*Exercise goal*
Everything in the listing below should be written out again exactly, except the pictures.

*Data*
────
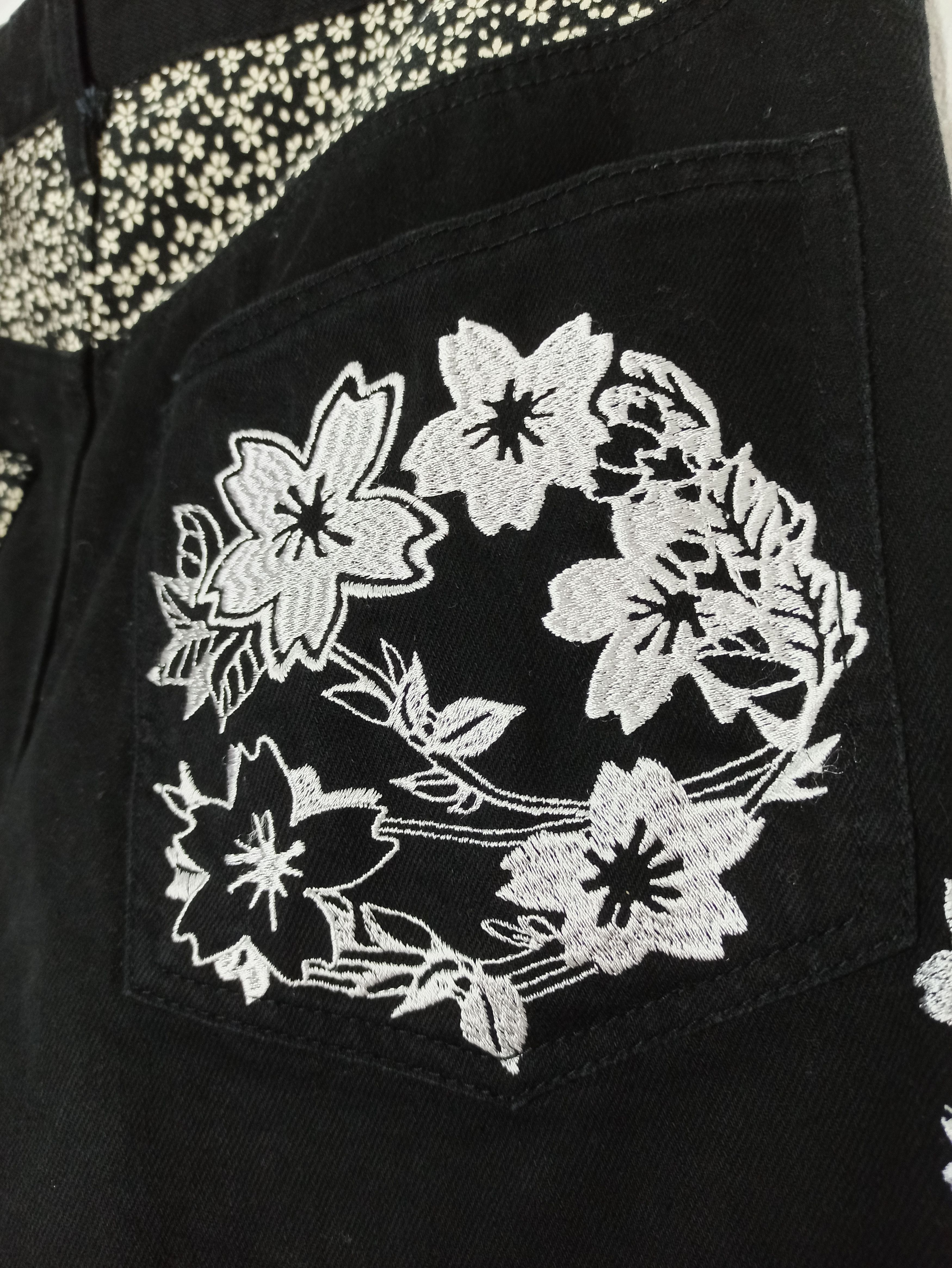 Japanese Brand × Kings Of Indigo Exclusive Art Of Koi Sakura Sukajan Super Black Jeans Size US 36 / EU 52 - 8 Thumbnail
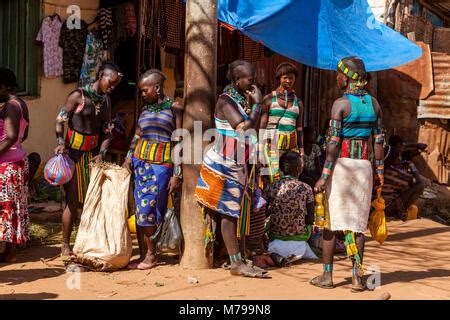 A group of tribal girls in traditional outfits. Oraon tribe. Hurhuru Stock Photo: 67884341 - Alamy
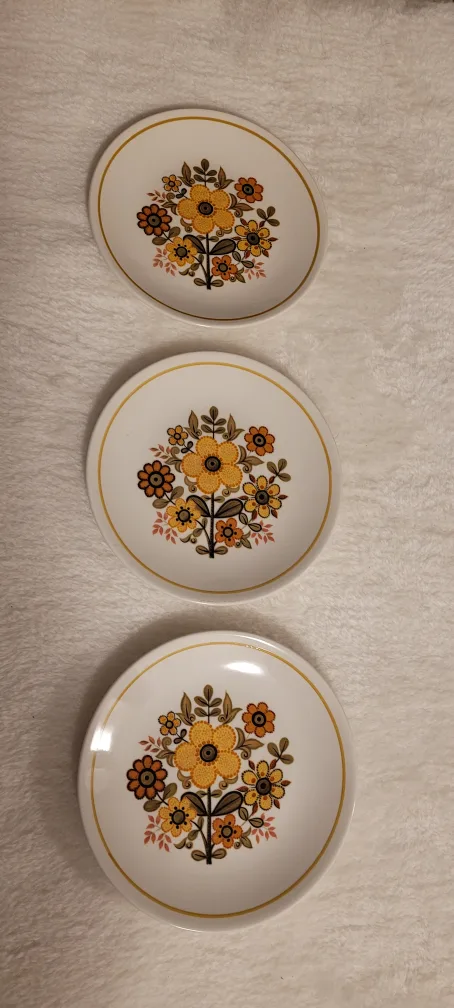 3  Ridgway Ironstone plates - Harvest Gold Pattern 🇨🇦🍁 image indicator(2)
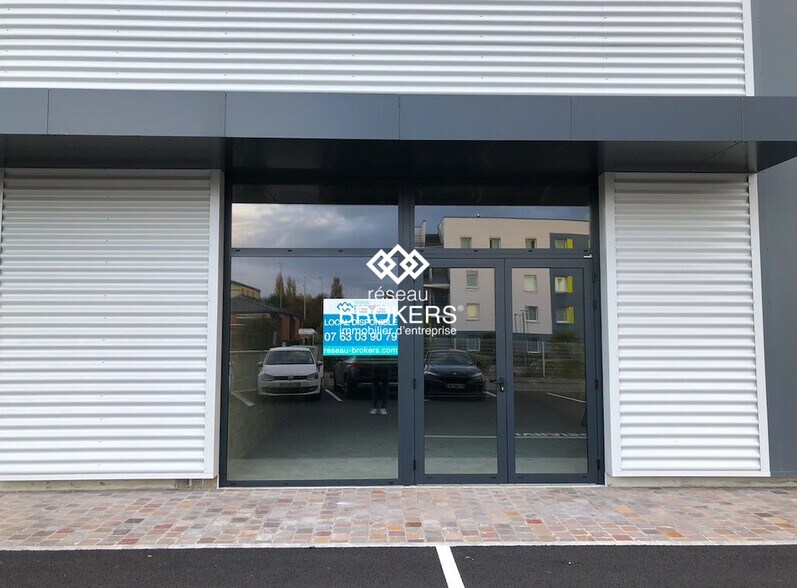 Commerce de détail dans Saint-Maximin à louer - Photo du bâtiment - Image 2 de 4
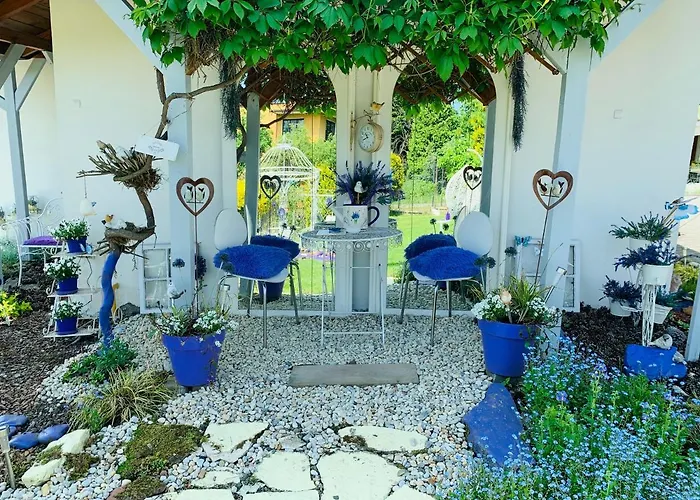 Rodzinny Z Ogrodem דירה *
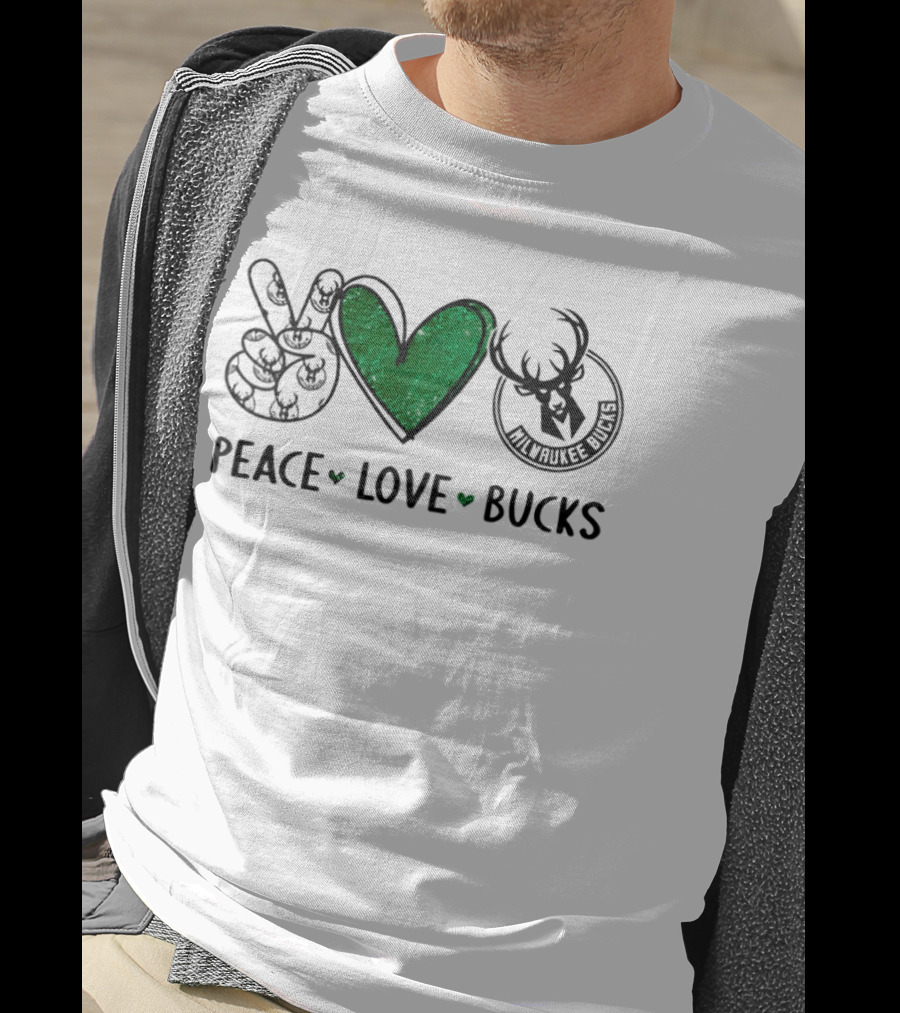 Peace Love Milwaukee Bucks NBA Basketball Team Fan T-Shirt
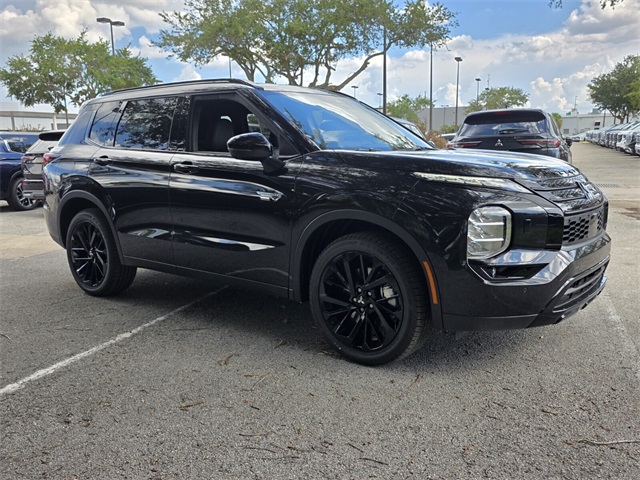 2025 Mitsubishi Outlander Plug-in Hybrid SEL Black Edition's photo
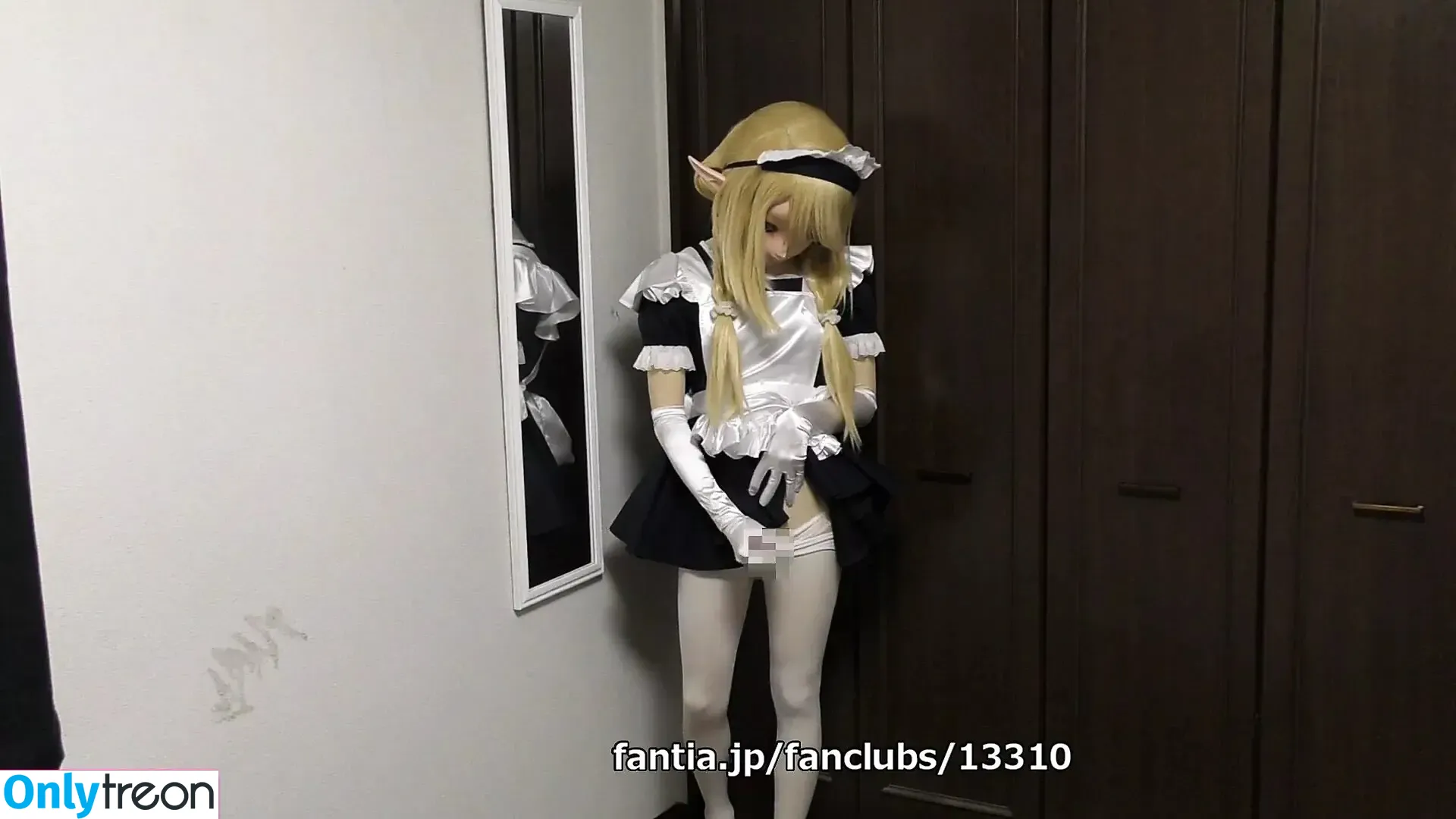 Kigurumi nude photo #0036 (dollified / miku_scratch)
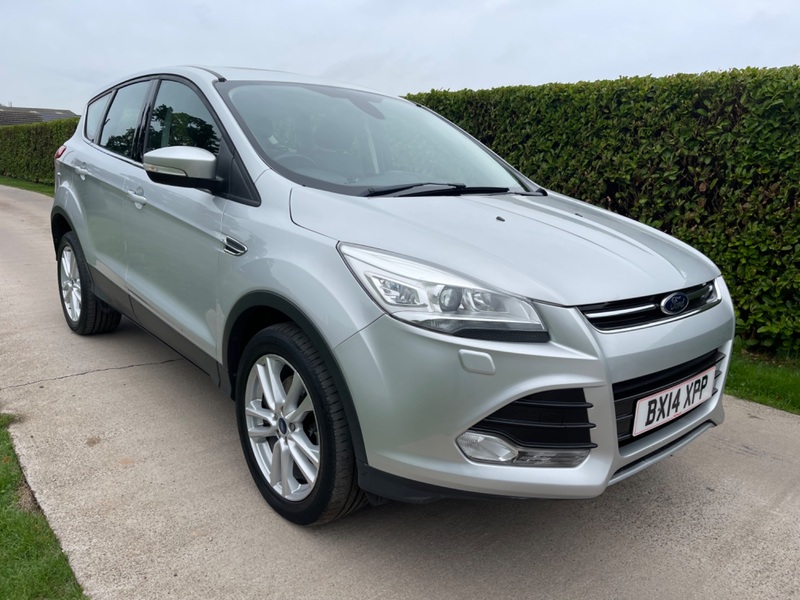 FORD KUGA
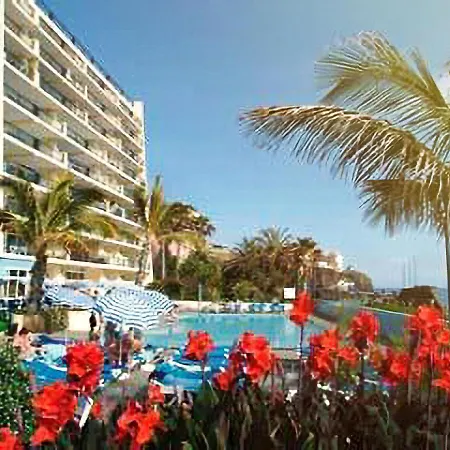 Lovely With Pool And Sea View *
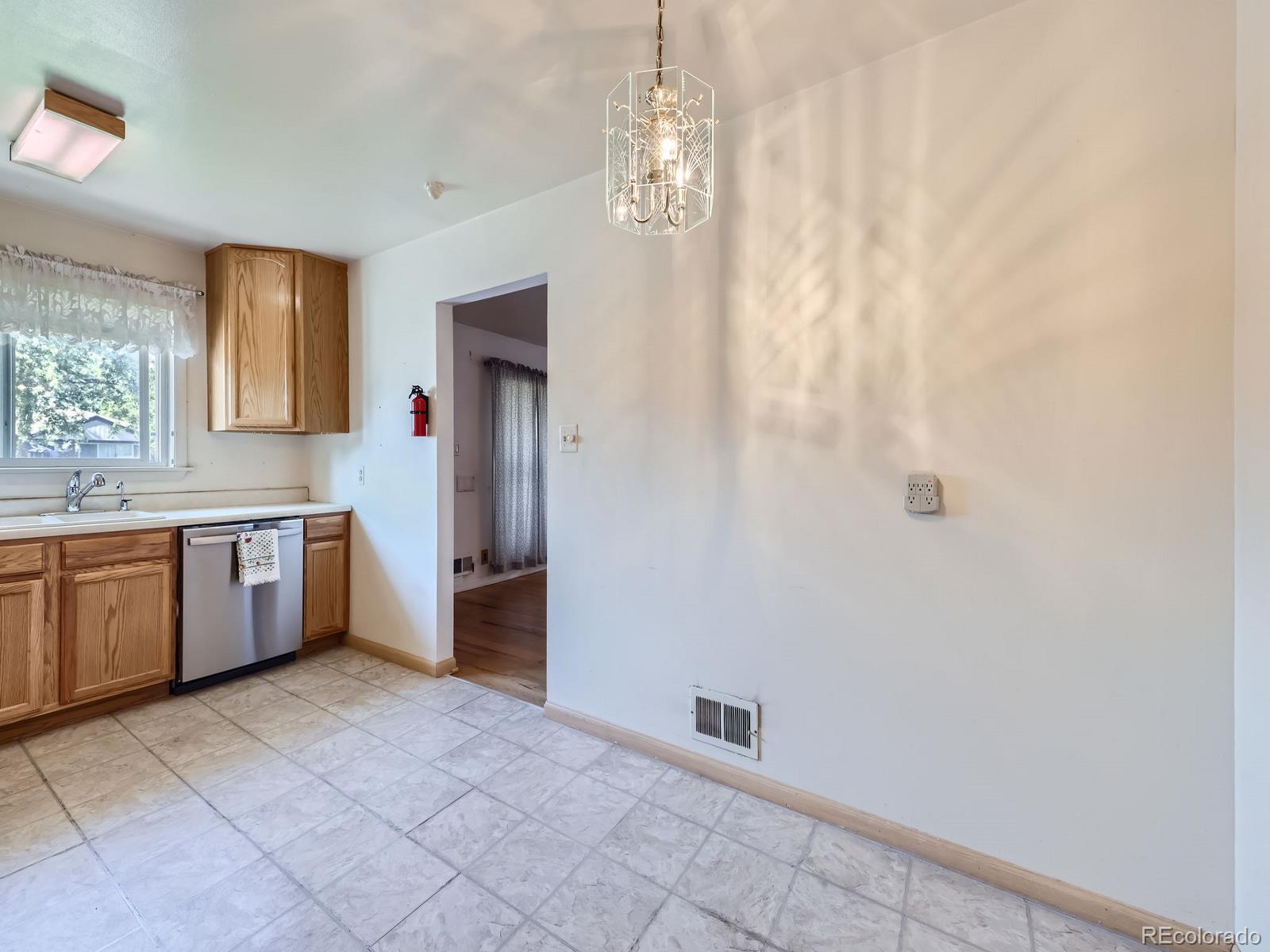 MLS Image #7 for 10450  marion street,northglenn, Colorado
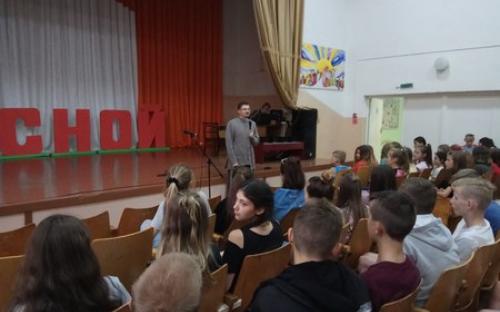 В детском лагере прошла беседа со священником Троицкого собора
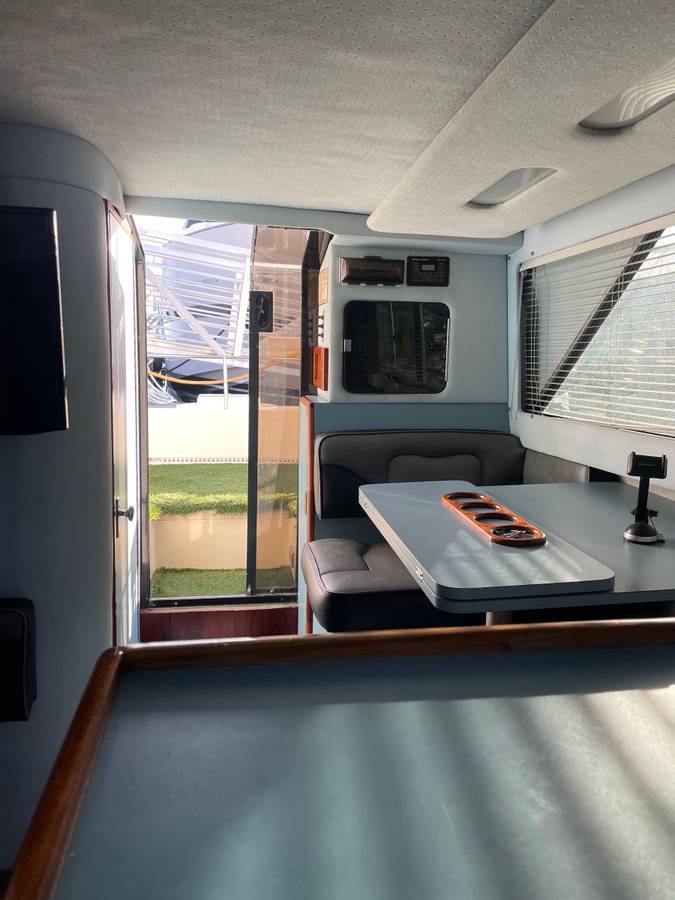 Sea Ray, dovoz USA — foto 9 z 12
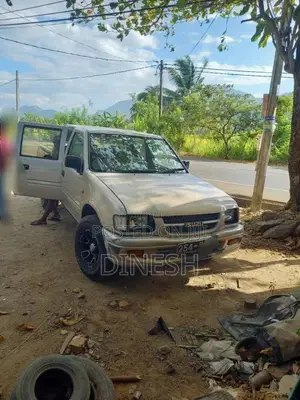 Isuzu Double Cab 2000 Pickup (Used)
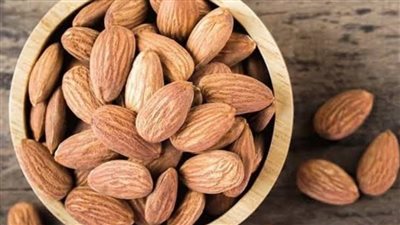 أفضل وقت لتناول اللوز للحصول على فوائده الصحية كاملة دون خسارة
────
*Solved problem*
 Japanese Brand × Kings Of Indigo Exclusive Art Of Koi Sakura Sukajan Super Black Jeans Size US 36 / EU 52 - 8 Thumbnail
 A group of tribal girls in traditional outfits. Oraon tribe. Hurhuru Stock Photo: 67884341 - Alamy
 3  Ridgway Ironstone plates - Harvest Gold Pattern 🇨🇦🍁 image indicator(2)
 Commerce de détail dans Saint-Maximin à louer - Photo du bâtiment - Image 2 de 4
 Rodzinny Z Ogrodem דירה *
 Peace Love Milwaukee Bucks NBA Basketball Team Fan T-Shirt
 2025 Mitsubishi Outlander Plug-in Hybrid SEL Black Edition's photo
 Kigurumi nude photo #0036 (dollified / miku_scratch)
 FORD KUGA
 Lovely With Pool And Sea View *
 MLS Image #7 for 10450  marion street,northglenn, Colorado
 В детском лагере прошла беседа со священником Троицкого собора
 Sea Ray, dovoz USA — foto 9 z 12
 Isuzu Double Cab 2000 Pickup (Used)
 أفضل وقت لتناول اللوز للحصول على فوائده الصحية كاملة دون خسارة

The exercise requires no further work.